• WORK ITEM
Every line below between the one holding "50pcs/lot Long Shank" and the one holding "Modern White Ceramic Vases Cat Bunny Giraffe", inclusive, should be copied exactly, and no other line.

Crawled caption data

= = = =

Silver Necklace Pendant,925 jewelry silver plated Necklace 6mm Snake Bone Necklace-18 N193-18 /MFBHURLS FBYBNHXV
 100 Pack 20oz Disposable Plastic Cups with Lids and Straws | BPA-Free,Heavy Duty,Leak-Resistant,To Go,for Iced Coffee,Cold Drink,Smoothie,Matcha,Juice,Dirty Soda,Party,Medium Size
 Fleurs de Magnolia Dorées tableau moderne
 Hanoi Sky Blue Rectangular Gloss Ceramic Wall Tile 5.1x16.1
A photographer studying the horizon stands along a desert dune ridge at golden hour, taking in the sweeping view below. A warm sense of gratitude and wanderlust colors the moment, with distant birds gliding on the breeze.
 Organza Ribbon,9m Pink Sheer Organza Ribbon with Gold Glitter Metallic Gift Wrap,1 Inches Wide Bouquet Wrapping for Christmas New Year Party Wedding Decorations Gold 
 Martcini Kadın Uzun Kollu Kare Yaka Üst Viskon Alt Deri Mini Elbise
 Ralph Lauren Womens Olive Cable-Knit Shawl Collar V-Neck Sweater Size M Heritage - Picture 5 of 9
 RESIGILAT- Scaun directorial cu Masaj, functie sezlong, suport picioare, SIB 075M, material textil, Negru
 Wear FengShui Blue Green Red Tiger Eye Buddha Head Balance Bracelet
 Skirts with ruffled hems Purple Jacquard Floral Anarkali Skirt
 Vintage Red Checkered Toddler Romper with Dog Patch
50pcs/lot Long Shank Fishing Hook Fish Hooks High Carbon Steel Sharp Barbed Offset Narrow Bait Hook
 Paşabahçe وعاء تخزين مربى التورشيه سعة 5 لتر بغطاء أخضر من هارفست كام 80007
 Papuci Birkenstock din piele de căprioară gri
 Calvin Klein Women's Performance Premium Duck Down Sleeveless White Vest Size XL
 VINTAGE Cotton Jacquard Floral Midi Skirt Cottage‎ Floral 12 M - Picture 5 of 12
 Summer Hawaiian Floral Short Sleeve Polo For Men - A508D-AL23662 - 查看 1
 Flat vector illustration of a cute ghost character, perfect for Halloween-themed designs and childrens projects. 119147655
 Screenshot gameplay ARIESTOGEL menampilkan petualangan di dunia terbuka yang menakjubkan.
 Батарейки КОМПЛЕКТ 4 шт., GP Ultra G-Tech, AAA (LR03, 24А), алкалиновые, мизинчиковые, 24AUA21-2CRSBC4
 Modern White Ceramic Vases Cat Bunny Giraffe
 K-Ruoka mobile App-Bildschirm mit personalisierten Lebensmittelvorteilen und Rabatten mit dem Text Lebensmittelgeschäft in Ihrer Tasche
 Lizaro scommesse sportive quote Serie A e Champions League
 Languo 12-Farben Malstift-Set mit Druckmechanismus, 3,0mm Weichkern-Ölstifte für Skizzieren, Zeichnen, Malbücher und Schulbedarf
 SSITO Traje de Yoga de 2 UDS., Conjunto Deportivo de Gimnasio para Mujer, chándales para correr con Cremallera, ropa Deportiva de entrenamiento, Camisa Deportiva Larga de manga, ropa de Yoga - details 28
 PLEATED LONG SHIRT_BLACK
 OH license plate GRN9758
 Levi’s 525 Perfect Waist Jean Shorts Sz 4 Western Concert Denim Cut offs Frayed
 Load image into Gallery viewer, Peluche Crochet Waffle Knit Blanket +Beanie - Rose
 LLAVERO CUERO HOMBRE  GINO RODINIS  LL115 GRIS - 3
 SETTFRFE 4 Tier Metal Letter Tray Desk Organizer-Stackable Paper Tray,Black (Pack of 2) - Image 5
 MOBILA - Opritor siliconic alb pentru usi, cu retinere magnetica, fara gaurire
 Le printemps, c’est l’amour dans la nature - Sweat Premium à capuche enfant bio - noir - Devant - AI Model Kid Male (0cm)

= = = =

• ANSWER
50pcs/lot Long Shank Fishing Hook Fish Hooks High Carbon Steel Sharp Barbed Offset Narrow Bait Hook
 Paşabahçe وعاء تخزين مربى التورشيه سعة 5 لتر بغطاء أخضر من هارفست كام 80007
 Papuci Birkenstock din piele de căprioară gri
 Calvin Klein Women's Performance Premium Duck Down Sleeveless White Vest Size XL
 VINTAGE Cotton Jacquard Floral Midi Skirt Cottage‎ Floral 12 M - Picture 5 of 12
 Summer Hawaiian Floral Short Sleeve Polo For Men - A508D-AL23662 - 查看 1
 Flat vector illustration of a cute ghost character, perfect for Halloween-themed designs and childrens projects. 119147655
 Screenshot gameplay ARIESTOGEL menampilkan petualangan di dunia terbuka yang menakjubkan.
 Батарейки КОМПЛЕКТ 4 шт., GP Ultra G-Tech, AAA (LR03, 24А), алкалиновые, мизинчиковые, 24AUA21-2CRSBC4
 Modern White Ceramic Vases Cat Bunny Giraffe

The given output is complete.